Task prompt.
Please output the data below exactly as given, starting at its first line and stopping after the line that contains "Black-and-white 1971 Tokyo".

(Items from a data source)

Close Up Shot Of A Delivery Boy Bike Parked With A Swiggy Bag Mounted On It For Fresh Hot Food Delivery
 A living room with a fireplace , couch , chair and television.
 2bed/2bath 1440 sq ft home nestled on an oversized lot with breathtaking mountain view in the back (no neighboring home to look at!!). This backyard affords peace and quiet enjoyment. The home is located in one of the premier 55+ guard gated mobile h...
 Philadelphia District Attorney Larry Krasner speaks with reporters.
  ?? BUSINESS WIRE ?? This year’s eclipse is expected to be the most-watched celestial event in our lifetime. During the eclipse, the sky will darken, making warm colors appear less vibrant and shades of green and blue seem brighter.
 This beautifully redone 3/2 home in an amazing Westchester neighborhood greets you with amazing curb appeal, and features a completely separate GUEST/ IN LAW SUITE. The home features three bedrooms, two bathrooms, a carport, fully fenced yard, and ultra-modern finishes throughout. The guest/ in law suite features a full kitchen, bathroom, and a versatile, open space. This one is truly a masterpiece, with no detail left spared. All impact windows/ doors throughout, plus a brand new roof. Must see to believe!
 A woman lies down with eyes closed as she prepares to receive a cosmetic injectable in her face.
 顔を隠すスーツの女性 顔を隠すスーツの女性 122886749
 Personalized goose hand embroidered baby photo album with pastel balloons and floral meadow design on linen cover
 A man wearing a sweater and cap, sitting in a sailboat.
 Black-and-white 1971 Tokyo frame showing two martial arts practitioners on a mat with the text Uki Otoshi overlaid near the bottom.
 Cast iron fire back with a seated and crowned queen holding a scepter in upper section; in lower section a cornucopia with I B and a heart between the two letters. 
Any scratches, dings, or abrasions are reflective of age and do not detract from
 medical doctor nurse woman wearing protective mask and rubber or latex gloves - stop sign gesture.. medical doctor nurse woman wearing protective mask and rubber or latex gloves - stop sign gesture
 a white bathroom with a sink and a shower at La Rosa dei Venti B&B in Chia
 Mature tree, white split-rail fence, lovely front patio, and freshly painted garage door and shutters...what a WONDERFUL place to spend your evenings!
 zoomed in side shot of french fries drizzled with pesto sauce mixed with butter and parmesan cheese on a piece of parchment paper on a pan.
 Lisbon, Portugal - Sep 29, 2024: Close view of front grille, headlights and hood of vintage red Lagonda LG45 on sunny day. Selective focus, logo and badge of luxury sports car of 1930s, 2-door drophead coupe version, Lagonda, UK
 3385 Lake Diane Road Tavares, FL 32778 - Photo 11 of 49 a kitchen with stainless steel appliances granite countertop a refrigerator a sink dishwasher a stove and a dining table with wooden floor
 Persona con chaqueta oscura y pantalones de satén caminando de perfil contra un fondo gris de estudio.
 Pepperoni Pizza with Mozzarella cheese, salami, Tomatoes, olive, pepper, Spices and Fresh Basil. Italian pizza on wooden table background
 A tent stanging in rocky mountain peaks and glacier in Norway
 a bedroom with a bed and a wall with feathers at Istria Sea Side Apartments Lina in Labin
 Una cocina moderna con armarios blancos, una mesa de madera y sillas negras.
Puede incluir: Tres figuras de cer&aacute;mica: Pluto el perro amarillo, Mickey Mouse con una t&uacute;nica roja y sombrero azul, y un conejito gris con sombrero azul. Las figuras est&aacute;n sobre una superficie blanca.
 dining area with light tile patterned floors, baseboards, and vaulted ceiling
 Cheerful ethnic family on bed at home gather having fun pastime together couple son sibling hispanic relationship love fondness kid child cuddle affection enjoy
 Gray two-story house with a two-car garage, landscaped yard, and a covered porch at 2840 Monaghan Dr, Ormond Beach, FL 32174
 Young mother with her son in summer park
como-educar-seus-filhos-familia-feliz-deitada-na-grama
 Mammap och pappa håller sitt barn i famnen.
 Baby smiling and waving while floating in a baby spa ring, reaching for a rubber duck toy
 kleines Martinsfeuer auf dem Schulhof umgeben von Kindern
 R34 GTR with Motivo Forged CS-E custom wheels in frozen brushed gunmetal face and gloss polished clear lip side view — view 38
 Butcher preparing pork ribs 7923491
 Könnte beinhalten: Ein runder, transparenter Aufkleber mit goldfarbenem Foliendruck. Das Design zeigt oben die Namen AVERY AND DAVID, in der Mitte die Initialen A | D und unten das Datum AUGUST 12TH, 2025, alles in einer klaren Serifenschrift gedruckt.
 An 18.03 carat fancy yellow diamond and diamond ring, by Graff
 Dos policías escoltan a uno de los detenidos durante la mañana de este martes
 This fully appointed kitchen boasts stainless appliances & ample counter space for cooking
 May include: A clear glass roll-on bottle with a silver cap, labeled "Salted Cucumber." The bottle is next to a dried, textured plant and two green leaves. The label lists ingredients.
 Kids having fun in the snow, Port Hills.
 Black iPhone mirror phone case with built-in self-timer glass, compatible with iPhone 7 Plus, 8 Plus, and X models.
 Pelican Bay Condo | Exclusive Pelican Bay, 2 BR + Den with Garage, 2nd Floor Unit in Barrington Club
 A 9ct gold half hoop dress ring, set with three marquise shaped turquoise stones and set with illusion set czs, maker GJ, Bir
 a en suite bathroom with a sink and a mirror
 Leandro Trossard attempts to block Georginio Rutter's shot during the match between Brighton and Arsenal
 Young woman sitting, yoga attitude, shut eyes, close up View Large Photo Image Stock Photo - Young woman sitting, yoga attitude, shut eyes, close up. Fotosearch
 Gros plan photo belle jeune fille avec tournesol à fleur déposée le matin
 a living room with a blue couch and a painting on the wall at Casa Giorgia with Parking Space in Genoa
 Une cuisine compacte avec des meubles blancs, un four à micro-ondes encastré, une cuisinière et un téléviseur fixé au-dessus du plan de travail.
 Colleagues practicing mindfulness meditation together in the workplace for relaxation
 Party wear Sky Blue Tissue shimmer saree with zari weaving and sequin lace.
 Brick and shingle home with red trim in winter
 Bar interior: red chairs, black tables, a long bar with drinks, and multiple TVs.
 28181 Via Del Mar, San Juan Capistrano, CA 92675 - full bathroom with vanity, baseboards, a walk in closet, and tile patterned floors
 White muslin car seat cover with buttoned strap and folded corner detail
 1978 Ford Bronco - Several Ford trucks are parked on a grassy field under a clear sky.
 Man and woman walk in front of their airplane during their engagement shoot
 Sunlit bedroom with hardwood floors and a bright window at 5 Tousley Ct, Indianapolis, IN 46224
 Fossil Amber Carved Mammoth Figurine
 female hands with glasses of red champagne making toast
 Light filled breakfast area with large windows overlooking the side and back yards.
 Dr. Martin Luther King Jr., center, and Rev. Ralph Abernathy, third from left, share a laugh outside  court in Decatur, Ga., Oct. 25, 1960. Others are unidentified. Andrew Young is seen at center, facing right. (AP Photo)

Answer section.
Close Up Shot Of A Delivery Boy Bike Parked With A Swiggy Bag Mounted On It For Fresh Hot Food Delivery
 A living room with a fireplace , couch , chair and television.
 2bed/2bath 1440 sq ft home nestled on an oversized lot with breathtaking mountain view in the back (no neighboring home to look at!!). This backyard affords peace and quiet enjoyment. The home is located in one of the premier 55+ guard gated mobile h...
 Philadelphia District Attorney Larry Krasner speaks with reporters.
  ?? BUSINESS WIRE ?? This year’s eclipse is expected to be the most-watched celestial event in our lifetime. During the eclipse, the sky will darken, making warm colors appear less vibrant and shades of green and blue seem brighter.
 This beautifully redone 3/2 home in an amazing Westchester neighborhood greets you with amazing curb appeal, and features a completely separate GUEST/ IN LAW SUITE. The home features three bedrooms, two bathrooms, a carport, fully fenced yard, and ultra-modern finishes throughout. The guest/ in law suite features a full kitchen, bathroom, and a versatile, open space. This one is truly a masterpiece, with no detail left spared. All impact windows/ doors throughout, plus a brand new roof. Must see to believe!
 A woman lies down with eyes closed as she prepares to receive a cosmetic injectable in her face.
 顔を隠すスーツの女性 顔を隠すスーツの女性 122886749
 Personalized goose hand embroidered baby photo album with pastel balloons and floral meadow design on linen cover
 A man wearing a sweater and cap, sitting in a sailboat.
 Black-and-white 1971 Tokyo frame showing two martial arts practitioners on a mat with the text Uki Otoshi overlaid near the bottom.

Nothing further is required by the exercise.